One of the few Silicon Valley stocks to suffer a declined Thursday was Hewlett-Packard (HPQ), as the Palo Alto tech giant regressed 1.2 percent to $22.32 after a large gain Wednesday. Some analysts issued notes Thursday morning basically saying "Show me, don't tell me," after CEO Meg Whitman laid out a rosier forecast than expected at HP's analyst meeting Wednesday. "Sustainable improvements in the model over the next year will be required for investors to give HP more credit for its plans of crisper strategy and execution," J.P. Morgan analyst Mark Moskowitz wrote.

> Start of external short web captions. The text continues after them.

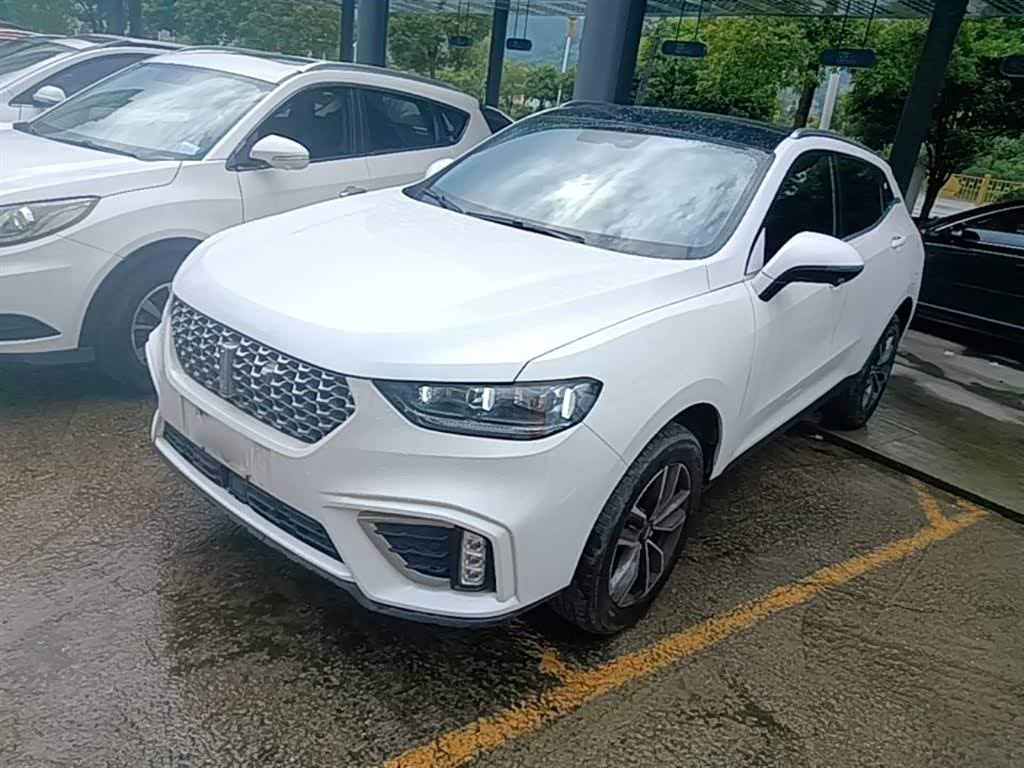 Wey VV5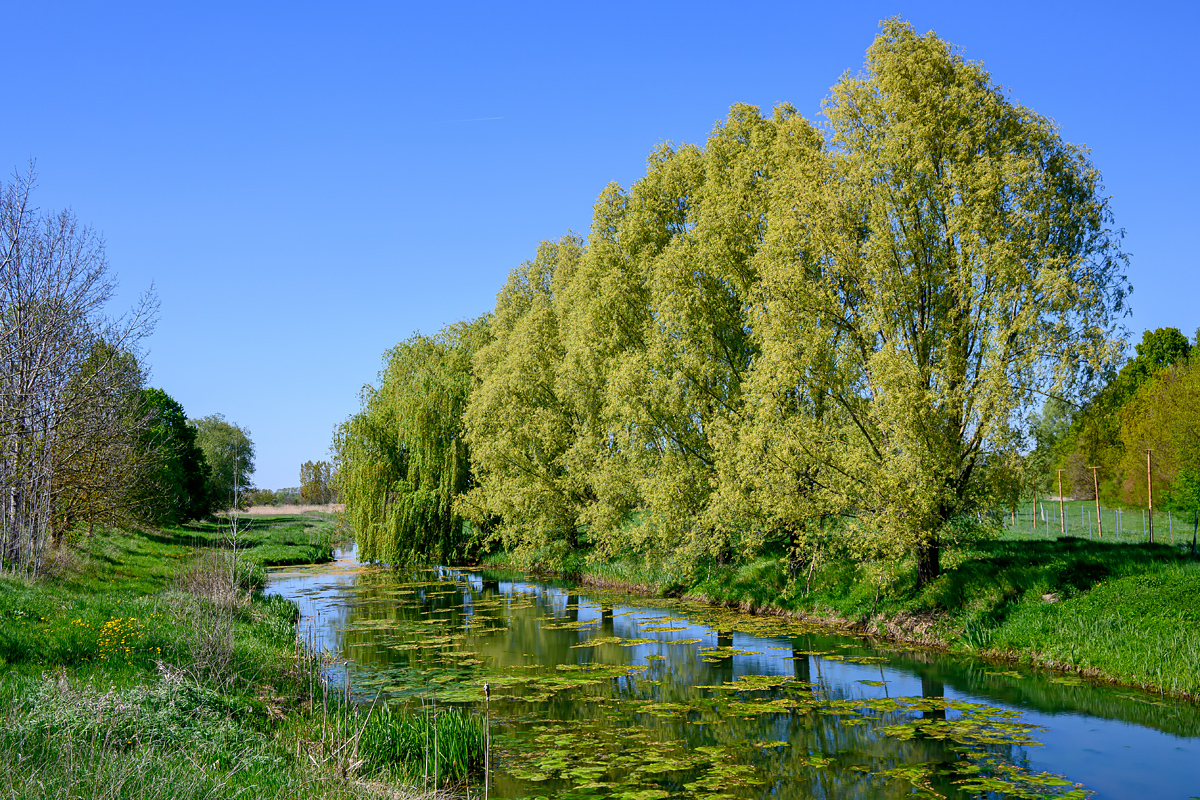 OFZ_00292.jpg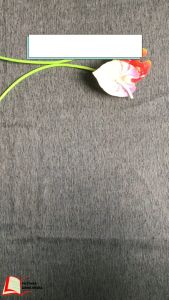 Buku SKS Menguasai Tes Potensi Akademik Edisi Terbaru Plus (Seri Tes Potensi Skolastik) SNBT UTBK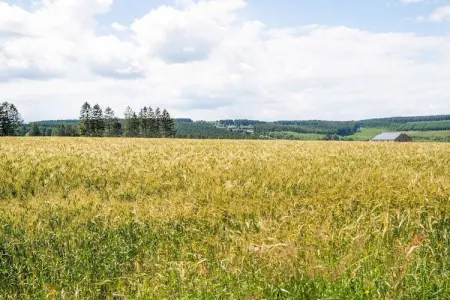 Coteau Saint-Hilaire 3, Belle maison de vacances à Fraiture avec sauna infrarouge - Photo 31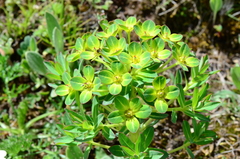 Euphorbia stracheyi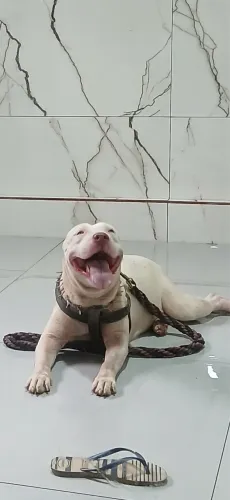 Pitt bull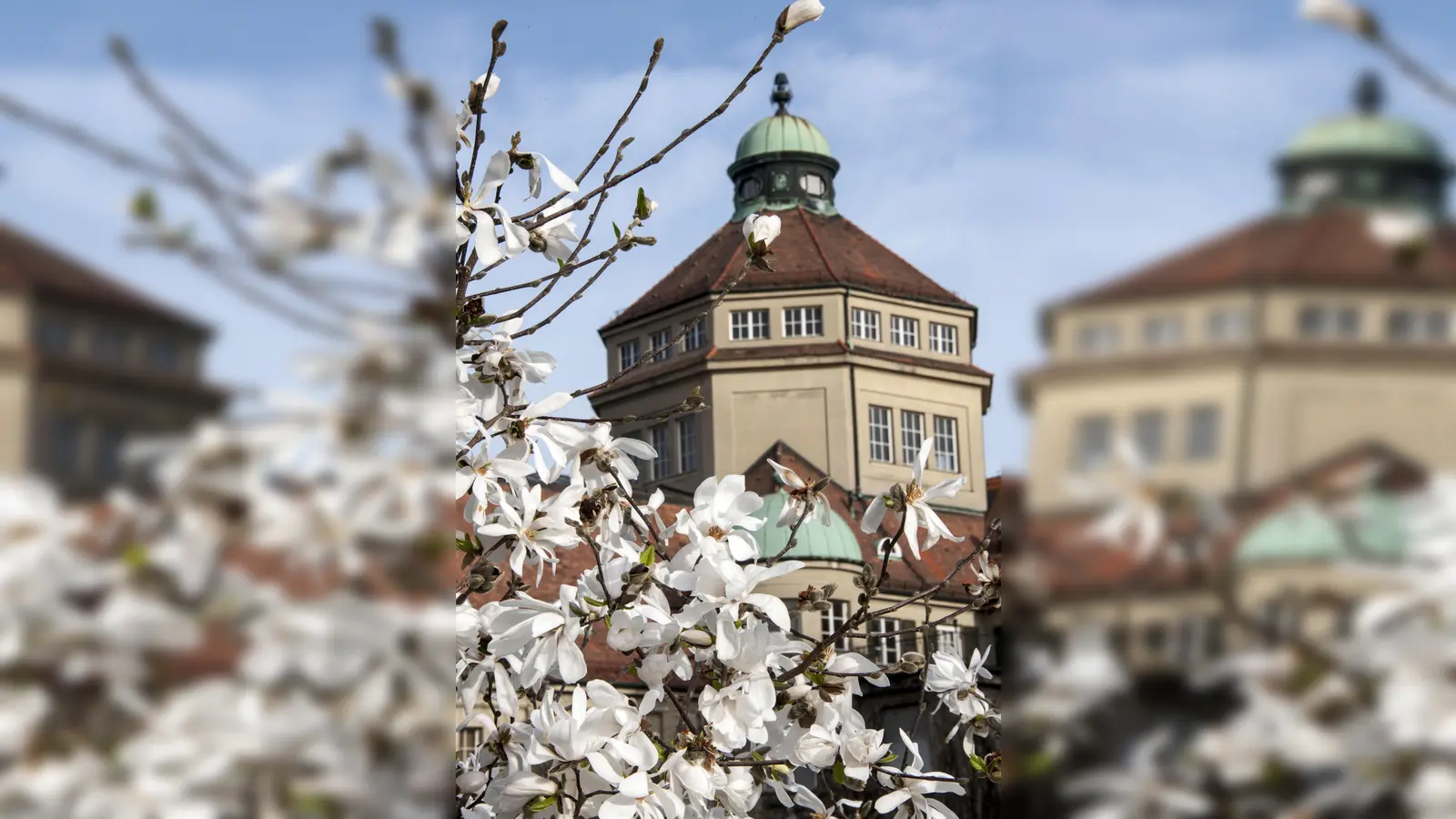 Magnolien blühen früh im Jahr - noch bevor ihre Blätter sprießen, (Foto: Franz Hoeck/ Botanischer Garten)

Up: Gilead, Workday, Netflix, Facebook, EA, Yelp, Pandora, AMD, Adobe (ADBE), SunPower (SPWRA), Salesforce, SolarCity, Applied Materials, Yahoo (YHOO), LinkedIn, Oracle, Tesla, Cisco, Intel, eBay

Down: Ubiquiti, HP, Palo Alto Networks, Brocade

The SV150 index of Silicon Valley's largest tech companies: Up 26.70, or 2.05 percent, to 1,331.72

The tech-heavy Nasdaq composite index: Up 82.97, or 2.26 percent, to 3,760.75

The blue chip Dow Jones industrial average: Up 323.09, or 2.18 percent, to 15,126.07

And the widely watched Standard & Poor's 500 index: Up 36.16, or 2.18 percent, to 1,692.56

Check in weekday afternoons for the 60-Second Business Break, a summary of news from Mercury News staff writers, The Associated Press, Bloomberg News and other wire services. Contact Jeremy C. Owens at 408-920-5876; follow him at Twitter.com/jowens510.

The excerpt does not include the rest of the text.